▸ What you need to do: Among the records that follow, find the line with "1539 Sherman St #C — Photo 7" and the line with "Konstrukcja wykorzystująca technologię". Set down those lines and all lines between them exactly, without adding anything.

[Stored items]

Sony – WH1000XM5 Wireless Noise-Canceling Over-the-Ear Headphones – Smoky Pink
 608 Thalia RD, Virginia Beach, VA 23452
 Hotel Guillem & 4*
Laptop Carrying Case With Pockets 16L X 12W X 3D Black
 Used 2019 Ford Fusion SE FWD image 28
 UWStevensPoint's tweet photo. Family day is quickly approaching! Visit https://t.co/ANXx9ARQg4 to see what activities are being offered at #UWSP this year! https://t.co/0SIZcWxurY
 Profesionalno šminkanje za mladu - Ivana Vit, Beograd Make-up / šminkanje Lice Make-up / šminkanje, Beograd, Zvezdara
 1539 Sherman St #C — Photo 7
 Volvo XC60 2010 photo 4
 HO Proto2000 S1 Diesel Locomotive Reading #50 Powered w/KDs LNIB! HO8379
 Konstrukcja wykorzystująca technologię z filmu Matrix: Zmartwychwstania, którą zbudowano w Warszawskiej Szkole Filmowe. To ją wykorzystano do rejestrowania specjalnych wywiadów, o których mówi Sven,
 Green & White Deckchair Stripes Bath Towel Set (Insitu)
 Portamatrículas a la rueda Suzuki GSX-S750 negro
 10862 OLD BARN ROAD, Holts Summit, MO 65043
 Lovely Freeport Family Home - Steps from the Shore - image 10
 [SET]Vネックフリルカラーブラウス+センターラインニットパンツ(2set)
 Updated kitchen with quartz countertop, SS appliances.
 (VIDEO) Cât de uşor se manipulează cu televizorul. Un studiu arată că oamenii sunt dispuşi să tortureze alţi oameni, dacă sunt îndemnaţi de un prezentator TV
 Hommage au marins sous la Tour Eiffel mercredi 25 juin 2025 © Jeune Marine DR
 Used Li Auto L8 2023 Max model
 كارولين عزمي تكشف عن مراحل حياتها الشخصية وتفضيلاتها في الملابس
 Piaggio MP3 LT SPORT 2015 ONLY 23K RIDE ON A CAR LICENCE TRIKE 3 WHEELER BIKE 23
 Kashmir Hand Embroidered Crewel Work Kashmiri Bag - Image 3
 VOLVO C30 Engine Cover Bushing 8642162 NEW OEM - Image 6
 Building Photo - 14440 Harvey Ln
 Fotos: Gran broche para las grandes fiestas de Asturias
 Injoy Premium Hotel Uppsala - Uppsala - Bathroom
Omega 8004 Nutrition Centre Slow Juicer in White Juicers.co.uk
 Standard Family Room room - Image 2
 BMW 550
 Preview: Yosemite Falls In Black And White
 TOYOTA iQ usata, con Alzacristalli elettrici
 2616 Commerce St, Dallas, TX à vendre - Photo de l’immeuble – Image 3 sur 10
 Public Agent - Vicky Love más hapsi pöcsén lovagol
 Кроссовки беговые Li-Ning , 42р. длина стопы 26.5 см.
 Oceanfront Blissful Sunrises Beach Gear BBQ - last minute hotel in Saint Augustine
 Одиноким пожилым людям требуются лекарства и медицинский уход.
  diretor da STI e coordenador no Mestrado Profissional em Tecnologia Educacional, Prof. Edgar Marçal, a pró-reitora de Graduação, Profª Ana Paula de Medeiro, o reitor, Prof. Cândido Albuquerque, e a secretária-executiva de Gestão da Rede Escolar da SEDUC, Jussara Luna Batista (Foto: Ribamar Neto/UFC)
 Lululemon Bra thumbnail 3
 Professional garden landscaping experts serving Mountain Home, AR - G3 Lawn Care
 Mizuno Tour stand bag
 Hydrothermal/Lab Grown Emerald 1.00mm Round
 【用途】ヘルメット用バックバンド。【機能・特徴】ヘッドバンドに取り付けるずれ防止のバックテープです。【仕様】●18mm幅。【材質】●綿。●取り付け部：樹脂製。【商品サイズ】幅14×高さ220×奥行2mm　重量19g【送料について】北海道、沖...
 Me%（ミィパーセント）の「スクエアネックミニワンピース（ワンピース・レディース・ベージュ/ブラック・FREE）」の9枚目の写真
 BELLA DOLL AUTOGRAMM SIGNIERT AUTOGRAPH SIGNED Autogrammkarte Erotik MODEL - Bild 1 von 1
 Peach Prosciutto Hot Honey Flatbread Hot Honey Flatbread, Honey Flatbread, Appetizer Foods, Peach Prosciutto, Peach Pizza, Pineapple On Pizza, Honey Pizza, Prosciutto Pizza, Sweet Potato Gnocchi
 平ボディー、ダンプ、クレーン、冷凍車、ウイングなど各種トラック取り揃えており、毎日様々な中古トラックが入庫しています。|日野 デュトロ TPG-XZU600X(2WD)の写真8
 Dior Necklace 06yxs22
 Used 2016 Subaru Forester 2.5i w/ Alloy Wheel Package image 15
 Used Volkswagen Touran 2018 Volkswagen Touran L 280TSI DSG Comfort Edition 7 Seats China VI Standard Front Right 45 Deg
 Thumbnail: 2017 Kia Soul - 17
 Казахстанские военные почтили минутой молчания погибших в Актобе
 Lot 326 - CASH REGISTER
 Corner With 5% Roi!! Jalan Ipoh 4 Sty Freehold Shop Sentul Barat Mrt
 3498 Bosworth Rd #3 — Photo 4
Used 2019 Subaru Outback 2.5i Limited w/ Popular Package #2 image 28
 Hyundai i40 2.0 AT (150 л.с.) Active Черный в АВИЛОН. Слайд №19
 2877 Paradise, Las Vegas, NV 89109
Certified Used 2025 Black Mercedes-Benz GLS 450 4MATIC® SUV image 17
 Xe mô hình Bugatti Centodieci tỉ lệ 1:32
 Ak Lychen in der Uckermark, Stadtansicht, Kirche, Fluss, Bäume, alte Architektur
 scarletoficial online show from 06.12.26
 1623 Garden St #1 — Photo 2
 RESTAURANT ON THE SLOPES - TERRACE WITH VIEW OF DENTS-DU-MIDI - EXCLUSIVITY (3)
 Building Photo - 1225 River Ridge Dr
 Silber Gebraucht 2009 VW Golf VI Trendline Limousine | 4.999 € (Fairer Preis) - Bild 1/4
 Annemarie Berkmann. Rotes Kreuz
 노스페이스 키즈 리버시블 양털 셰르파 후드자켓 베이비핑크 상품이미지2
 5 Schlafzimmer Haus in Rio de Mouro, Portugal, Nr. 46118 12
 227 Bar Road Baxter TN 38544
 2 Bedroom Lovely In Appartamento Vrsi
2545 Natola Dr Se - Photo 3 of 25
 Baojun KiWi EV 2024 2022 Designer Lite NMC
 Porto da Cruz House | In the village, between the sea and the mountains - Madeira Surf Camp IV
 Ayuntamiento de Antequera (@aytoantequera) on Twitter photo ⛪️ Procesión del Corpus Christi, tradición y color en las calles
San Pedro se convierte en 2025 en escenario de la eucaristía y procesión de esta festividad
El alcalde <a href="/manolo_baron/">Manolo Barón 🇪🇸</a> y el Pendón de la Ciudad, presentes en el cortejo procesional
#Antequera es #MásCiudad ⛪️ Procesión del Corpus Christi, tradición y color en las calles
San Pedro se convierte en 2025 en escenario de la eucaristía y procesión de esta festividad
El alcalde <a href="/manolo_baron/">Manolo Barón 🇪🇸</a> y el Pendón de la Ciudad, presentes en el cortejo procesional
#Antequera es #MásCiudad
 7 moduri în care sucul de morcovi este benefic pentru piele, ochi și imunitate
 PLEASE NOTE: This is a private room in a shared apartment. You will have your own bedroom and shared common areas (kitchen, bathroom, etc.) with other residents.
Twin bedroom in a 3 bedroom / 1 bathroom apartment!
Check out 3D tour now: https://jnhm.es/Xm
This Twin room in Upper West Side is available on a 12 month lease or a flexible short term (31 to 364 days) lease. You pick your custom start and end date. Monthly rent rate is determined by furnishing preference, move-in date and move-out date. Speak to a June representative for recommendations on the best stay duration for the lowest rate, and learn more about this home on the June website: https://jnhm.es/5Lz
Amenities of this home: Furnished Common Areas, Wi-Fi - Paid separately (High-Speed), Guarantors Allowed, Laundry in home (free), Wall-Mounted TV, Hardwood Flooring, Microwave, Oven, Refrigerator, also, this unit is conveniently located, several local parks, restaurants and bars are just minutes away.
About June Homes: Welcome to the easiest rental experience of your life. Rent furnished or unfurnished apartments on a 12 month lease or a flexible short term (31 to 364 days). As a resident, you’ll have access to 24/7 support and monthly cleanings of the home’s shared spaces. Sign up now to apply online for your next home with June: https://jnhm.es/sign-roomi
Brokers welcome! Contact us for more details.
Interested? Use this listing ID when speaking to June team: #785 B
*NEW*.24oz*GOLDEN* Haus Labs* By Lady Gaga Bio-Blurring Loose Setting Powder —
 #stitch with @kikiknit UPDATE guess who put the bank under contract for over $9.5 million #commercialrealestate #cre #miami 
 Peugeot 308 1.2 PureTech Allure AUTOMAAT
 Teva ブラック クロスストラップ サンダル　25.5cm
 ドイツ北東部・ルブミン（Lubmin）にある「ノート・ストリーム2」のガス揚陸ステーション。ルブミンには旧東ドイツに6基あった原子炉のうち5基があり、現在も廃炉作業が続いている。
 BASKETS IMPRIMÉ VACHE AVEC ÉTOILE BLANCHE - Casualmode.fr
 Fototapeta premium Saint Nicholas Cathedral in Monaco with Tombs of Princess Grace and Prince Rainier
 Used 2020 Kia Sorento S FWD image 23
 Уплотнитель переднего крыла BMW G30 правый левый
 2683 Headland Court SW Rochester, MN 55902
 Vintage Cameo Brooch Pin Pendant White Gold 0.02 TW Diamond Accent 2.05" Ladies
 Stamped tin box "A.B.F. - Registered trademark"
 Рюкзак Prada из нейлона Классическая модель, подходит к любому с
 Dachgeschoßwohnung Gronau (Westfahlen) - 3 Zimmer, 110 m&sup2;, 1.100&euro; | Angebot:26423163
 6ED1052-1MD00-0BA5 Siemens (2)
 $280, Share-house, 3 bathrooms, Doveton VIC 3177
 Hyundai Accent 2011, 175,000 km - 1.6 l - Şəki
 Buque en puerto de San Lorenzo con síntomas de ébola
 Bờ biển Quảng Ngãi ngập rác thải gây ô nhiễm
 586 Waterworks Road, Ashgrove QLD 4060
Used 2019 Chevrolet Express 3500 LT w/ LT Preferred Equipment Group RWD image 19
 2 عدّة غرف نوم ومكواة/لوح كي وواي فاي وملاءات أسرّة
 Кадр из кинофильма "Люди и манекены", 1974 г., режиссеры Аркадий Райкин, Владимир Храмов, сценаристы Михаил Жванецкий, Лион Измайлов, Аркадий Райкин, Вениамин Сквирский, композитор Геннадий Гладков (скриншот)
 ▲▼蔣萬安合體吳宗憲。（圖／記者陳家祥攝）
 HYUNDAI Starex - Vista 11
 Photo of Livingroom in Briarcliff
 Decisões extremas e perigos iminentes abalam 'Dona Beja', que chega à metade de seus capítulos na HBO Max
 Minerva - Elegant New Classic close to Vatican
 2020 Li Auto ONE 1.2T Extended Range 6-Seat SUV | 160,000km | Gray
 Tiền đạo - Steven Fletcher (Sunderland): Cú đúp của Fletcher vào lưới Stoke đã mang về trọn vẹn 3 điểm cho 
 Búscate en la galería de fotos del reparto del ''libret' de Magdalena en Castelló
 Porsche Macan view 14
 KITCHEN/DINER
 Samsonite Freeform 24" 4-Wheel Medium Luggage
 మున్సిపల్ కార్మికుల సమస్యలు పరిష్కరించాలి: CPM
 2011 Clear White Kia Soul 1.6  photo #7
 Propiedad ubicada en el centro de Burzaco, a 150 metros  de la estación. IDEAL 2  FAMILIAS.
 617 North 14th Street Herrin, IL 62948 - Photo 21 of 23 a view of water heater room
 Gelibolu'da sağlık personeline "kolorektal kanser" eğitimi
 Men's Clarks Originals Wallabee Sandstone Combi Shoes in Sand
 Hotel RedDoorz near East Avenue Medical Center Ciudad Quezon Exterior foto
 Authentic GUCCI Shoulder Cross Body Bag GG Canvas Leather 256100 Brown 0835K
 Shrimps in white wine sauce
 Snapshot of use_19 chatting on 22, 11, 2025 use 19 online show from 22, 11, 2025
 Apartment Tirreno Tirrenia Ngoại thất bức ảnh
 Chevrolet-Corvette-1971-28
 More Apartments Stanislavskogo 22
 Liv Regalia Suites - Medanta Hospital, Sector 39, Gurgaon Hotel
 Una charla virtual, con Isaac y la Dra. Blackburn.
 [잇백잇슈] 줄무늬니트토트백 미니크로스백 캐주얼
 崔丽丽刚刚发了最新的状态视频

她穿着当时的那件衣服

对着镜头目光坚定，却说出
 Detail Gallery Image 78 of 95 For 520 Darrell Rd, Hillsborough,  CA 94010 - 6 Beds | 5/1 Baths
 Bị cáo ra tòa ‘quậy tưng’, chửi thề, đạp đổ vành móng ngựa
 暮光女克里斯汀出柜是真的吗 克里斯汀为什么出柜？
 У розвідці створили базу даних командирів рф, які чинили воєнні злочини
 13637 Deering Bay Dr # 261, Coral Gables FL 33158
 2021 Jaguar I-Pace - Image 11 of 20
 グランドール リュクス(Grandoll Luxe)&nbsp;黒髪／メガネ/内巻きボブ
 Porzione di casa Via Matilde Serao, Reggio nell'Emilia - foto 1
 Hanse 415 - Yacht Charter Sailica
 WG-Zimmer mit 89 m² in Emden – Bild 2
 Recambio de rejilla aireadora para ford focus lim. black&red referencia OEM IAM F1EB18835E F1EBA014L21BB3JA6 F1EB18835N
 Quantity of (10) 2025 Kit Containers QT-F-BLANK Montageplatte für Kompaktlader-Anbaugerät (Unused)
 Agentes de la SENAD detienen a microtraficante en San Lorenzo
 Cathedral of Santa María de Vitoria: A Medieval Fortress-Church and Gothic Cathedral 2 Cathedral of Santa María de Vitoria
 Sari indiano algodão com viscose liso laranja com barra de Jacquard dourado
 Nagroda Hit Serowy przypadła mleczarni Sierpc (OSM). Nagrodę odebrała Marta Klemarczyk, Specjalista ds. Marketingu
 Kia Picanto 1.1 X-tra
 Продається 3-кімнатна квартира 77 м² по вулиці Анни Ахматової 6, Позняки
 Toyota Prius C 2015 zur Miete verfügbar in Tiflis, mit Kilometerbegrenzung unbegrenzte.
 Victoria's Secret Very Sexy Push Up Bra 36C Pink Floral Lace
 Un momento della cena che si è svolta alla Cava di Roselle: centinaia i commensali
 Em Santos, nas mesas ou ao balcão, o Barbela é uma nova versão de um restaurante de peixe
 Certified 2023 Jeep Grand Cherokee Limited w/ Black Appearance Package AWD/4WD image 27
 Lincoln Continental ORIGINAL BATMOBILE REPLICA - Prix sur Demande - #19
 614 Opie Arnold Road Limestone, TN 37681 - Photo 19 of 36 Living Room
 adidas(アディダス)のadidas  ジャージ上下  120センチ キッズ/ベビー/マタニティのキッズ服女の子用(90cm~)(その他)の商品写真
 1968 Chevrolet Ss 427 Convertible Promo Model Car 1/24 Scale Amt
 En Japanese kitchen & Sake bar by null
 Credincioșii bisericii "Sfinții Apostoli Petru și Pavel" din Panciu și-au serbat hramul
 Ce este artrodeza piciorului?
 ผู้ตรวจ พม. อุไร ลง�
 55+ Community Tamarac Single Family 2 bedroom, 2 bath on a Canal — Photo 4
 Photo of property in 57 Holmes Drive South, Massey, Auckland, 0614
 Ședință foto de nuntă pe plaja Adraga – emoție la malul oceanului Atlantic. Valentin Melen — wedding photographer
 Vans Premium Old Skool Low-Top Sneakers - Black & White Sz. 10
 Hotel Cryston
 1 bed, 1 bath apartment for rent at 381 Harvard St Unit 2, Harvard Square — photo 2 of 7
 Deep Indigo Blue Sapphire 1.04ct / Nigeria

▸ Task response:
 1539 Sherman St #C — Photo 7
 Volvo XC60 2010 photo 4
 HO Proto2000 S1 Diesel Locomotive Reading #50 Powered w/KDs LNIB! HO8379
 Konstrukcja wykorzystująca technologię z filmu Matrix: Zmartwychwstania, którą zbudowano w Warszawskiej Szkole Filmowe. To ją wykorzystano do rejestrowania specjalnych wywiadów, o których mówi Sven,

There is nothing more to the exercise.